Locks set by LOCK IN SHARE MODE and FOR UPDATE reads are released when the transaction is committed or rolled back.
As an example of a situation in which a locking read is useful, suppose that you want to insert a new row into a table child, and make sure that the child row has a parent row in table parent. The following discussion describes how to implement referential integrity in application code.
Suppose that you use a consistent read to read the table parent and indeed see the parent row of the to-be-inserted child row in the table. Can you safely insert the child row to table child? No, because it is possible for some other session to delete the parent row from the table parent in the meantime without you being aware of it.
The solution is to perform the SELECT in a locking mode using LOCK IN SHARE MODE:
SELECT * FROM parent WHERE NAME = 'Jones' LOCK IN SHARE MODE;
A read performed with LOCK IN SHARE MODE reads the latest available data and sets a shared mode lock on the rows read. A shared mode lock prevents others from updating or deleting the row read. Also, if the latest data belongs to a yet uncommitted transaction of another session, we wait until that transaction ends. After we see that the LOCK IN SHARE MODE query returns the parent 'Jones', we can safely add the child record to the child table and commit our transaction.

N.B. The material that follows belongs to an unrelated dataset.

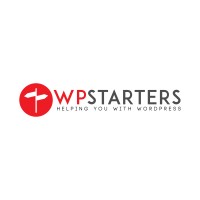 WPStarters logo, WPStarters contact details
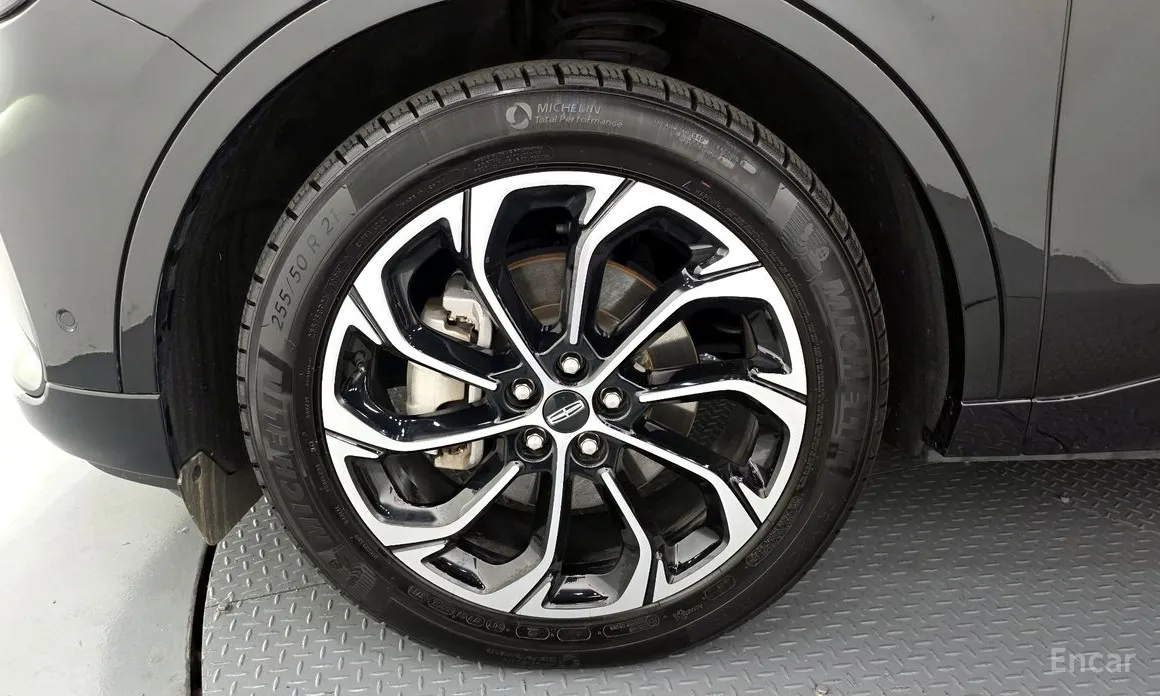 2023 Lincoln Nautilus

Let us look at another example: We have an integer counter field in a table child_codes that we use to assign a unique identifier to each child added to table child. It is not a good idea to use either consistent read or a shared mode read to read the present value of the counter because two users of the database may then see the same value for the counter, and a duplicate-key error occurs if two users attempt to add children with the same identifier to the table.
Here, LOCK IN SHARE MODE is not a good solution because if two users read the counter at the same time, at least one of them ends up in deadlock when it attempts to update the counter.
To implement reading and incrementing the counter, first perform a locking read of the counter using FOR UPDATE, and then increment the counter. For example:
SELECT counter_field FROM child_codes FOR UPDATE; UPDATE child_codes SET counter_field = counter_field + 1;
A SELECT ... FOR UPDATE reads the latest available data, setting exclusive locks on each row it reads. Thus, it sets the same locks a searched SQL UPDATE would set on the rows.
The preceding description is merely an example of how SELECT ... FOR UPDATE works. In MySQL, the specific task of generating a unique identifier actually can be accomplished using only a single access to the table:
UPDATE child_codes SET counter_field = LAST_INSERT_ID(counter_field + 1); SELECT LAST_INSERT_ID();
The SELECT statement merely retrieves the identifier information (specific to the current connection). It does not access any table.